TASK TO COMPLETE: Exactly the lines from the one containing "A ceremony to" through the end of the entries, both ends included, are to be output.

Crawled caption data:
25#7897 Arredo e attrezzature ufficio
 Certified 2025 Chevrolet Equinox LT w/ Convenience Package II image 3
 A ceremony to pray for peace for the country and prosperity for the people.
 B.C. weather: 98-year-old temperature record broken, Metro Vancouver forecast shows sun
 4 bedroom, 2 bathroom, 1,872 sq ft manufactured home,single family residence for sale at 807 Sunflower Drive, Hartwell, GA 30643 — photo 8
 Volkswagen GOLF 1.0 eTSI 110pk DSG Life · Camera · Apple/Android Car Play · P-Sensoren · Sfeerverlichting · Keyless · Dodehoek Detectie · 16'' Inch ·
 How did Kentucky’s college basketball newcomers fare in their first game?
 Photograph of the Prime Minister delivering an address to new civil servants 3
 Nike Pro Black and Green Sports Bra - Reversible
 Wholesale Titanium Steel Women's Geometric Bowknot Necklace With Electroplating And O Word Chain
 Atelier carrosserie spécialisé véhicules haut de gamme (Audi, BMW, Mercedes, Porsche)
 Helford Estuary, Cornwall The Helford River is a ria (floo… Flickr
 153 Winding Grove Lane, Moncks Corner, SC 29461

RESPONSE BELOW:
 A ceremony to pray for peace for the country and prosperity for the people.
 B.C. weather: 98-year-old temperature record broken, Metro Vancouver forecast shows sun
 4 bedroom, 2 bathroom, 1,872 sq ft manufactured home,single family residence for sale at 807 Sunflower Drive, Hartwell, GA 30643 — photo 8
 Volkswagen GOLF 1.0 eTSI 110pk DSG Life · Camera · Apple/Android Car Play · P-Sensoren · Sfeerverlichting · Keyless · Dodehoek Detectie · 16'' Inch ·
 How did Kentucky’s college basketball newcomers fare in their first game?
 Photograph of the Prime Minister delivering an address to new civil servants 3
 Nike Pro Black and Green Sports Bra - Reversible
 Wholesale Titanium Steel Women's Geometric Bowknot Necklace With Electroplating And O Word Chain
 Atelier carrosserie spécialisé véhicules haut de gamme (Audi, BMW, Mercedes, Porsche)
 Helford Estuary, Cornwall The Helford River is a ria (floo… Flickr
 153 Winding Grove Lane, Moncks Corner, SC 29461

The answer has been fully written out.